■ WHAT THE EXERCISE ASKS
Take the data below and extract the lines from the one with "MobileData360 is a" to the one with "Ladies and gentlemen, welcome", inclusive, exactly as written.

■ EXTRACTED INFORMATION

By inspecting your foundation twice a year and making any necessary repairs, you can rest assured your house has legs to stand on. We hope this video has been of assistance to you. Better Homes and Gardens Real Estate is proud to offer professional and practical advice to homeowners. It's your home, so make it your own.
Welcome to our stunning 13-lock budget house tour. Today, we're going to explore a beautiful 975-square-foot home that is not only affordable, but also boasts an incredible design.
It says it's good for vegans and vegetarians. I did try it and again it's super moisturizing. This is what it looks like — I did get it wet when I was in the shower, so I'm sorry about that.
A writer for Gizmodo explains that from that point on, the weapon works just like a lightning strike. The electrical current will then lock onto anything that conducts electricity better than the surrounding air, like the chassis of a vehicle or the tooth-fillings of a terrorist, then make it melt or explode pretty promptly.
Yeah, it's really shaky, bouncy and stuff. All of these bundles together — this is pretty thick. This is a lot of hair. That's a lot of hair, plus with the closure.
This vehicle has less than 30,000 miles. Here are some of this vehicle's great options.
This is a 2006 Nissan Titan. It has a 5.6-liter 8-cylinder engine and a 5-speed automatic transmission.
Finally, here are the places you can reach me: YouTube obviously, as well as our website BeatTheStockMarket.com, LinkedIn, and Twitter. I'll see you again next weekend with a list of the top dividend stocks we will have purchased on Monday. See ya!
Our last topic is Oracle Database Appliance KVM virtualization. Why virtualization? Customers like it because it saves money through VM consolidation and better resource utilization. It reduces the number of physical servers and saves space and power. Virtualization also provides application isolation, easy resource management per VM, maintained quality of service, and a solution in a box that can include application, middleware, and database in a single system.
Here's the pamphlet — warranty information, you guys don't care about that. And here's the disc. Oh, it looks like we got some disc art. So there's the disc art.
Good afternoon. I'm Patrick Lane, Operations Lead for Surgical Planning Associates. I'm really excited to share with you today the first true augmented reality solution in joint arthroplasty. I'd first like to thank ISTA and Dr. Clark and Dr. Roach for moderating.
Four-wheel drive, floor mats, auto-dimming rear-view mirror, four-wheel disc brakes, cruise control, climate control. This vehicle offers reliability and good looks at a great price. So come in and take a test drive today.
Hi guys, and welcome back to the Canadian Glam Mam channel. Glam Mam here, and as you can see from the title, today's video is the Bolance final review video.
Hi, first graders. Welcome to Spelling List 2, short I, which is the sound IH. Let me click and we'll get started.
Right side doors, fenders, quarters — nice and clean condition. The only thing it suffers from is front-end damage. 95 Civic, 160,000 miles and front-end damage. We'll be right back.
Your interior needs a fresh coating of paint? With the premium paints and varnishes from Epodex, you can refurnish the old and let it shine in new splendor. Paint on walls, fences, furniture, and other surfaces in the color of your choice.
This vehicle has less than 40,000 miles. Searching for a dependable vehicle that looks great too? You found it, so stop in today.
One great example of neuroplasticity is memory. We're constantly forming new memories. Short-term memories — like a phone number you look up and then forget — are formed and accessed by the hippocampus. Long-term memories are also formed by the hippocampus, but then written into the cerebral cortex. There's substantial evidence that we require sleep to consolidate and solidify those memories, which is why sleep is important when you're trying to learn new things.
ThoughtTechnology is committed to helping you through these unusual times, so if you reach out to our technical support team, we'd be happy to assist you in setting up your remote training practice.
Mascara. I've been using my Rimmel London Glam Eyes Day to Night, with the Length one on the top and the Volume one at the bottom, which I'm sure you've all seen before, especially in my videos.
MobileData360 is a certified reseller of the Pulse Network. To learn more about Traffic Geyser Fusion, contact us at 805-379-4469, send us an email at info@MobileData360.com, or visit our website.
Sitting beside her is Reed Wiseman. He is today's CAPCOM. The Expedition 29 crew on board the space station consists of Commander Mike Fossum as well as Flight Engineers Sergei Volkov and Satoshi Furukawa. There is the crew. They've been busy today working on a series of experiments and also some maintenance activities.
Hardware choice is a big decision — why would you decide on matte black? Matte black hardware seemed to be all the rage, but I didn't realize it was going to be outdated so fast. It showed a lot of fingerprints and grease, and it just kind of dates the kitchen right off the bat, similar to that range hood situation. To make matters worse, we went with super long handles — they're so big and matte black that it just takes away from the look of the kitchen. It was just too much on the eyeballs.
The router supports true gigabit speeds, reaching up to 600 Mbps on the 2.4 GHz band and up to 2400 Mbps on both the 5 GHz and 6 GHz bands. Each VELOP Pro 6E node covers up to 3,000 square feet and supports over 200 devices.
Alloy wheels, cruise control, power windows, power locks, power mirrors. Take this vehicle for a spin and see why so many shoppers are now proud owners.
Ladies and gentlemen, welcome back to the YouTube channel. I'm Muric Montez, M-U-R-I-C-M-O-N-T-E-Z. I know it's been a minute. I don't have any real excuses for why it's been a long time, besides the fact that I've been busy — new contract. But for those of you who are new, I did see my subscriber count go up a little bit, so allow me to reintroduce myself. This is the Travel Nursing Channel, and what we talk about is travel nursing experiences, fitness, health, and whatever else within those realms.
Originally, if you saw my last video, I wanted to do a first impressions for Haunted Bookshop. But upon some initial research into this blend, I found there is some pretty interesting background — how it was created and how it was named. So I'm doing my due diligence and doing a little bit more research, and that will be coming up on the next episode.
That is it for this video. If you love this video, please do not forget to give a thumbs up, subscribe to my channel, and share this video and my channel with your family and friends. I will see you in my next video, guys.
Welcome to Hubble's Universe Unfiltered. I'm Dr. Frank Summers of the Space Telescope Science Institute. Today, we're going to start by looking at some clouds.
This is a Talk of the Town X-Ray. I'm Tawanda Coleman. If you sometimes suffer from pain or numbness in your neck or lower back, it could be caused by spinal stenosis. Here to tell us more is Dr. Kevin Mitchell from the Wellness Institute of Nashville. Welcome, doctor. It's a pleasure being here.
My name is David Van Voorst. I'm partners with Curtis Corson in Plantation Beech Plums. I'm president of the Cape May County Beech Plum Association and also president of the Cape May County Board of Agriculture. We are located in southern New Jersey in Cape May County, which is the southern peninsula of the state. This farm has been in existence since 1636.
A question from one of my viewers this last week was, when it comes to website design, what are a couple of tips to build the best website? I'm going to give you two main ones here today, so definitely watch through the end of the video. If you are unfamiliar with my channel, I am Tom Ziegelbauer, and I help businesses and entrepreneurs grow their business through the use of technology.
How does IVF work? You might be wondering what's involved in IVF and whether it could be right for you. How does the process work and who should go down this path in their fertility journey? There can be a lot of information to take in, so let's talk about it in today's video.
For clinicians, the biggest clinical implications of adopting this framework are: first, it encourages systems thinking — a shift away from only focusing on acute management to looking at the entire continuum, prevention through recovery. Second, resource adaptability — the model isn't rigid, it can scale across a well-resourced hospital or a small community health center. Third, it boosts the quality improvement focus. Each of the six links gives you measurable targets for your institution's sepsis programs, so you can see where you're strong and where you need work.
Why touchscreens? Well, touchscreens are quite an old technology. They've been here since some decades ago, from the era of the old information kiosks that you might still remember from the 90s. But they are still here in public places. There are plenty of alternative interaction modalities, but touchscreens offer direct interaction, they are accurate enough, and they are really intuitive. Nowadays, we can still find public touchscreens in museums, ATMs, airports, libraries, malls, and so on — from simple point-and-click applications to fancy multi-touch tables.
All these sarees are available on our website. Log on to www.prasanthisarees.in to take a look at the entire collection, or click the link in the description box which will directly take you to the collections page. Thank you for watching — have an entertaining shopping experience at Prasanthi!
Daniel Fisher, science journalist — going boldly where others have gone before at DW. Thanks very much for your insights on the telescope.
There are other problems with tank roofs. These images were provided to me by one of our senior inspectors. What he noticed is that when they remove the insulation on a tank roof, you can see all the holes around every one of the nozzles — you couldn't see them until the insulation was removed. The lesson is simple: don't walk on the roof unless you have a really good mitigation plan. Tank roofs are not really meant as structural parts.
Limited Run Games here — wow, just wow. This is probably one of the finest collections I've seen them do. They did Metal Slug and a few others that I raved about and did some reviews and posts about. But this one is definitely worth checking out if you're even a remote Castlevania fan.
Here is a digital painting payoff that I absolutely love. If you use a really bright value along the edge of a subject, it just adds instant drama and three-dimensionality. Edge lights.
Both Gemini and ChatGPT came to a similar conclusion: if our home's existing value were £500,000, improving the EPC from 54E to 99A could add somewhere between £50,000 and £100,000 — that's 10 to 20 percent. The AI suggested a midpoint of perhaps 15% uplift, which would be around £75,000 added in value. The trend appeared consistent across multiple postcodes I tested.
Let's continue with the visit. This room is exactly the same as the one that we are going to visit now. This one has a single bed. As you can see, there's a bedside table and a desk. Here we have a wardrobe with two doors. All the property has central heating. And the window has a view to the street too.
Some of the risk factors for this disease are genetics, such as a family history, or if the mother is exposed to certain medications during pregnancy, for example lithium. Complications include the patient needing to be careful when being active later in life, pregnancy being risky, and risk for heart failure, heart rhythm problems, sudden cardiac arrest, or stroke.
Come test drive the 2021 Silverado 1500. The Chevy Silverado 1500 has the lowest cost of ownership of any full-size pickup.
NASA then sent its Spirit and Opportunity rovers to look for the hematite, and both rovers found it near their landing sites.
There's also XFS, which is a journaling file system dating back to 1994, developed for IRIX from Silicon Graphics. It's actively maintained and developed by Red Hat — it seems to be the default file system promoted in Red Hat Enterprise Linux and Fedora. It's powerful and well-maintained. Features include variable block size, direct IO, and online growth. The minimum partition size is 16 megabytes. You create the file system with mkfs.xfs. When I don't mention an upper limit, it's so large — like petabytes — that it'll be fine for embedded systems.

■ RESPONSE FOR THIS EXERCISE
MobileData360 is a certified reseller of the Pulse Network. To learn more about Traffic Geyser Fusion, contact us at 805-379-4469, send us an email at info@MobileData360.com, or visit our website.
Sitting beside her is Reed Wiseman. He is today's CAPCOM. The Expedition 29 crew on board the space station consists of Commander Mike Fossum as well as Flight Engineers Sergei Volkov and Satoshi Furukawa. There is the crew. They've been busy today working on a series of experiments and also some maintenance activities.
Hardware choice is a big decision — why would you decide on matte black? Matte black hardware seemed to be all the rage, but I didn't realize it was going to be outdated so fast. It showed a lot of fingerprints and grease, and it just kind of dates the kitchen right off the bat, similar to that range hood situation. To make matters worse, we went with super long handles — they're so big and matte black that it just takes away from the look of the kitchen. It was just too much on the eyeballs.
The router supports true gigabit speeds, reaching up to 600 Mbps on the 2.4 GHz band and up to 2400 Mbps on both the 5 GHz and 6 GHz bands. Each VELOP Pro 6E node covers up to 3,000 square feet and supports over 200 devices.
Alloy wheels, cruise control, power windows, power locks, power mirrors. Take this vehicle for a spin and see why so many shoppers are now proud owners.
Ladies and gentlemen, welcome back to the YouTube channel. I'm Muric Montez, M-U-R-I-C-M-O-N-T-E-Z. I know it's been a minute. I don't have any real excuses for why it's been a long time, besides the fact that I've been busy — new contract. But for those of you who are new, I did see my subscriber count go up a little bit, so allow me to reintroduce myself. This is the Travel Nursing Channel, and what we talk about is travel nursing experiences, fitness, health, and whatever else within those realms.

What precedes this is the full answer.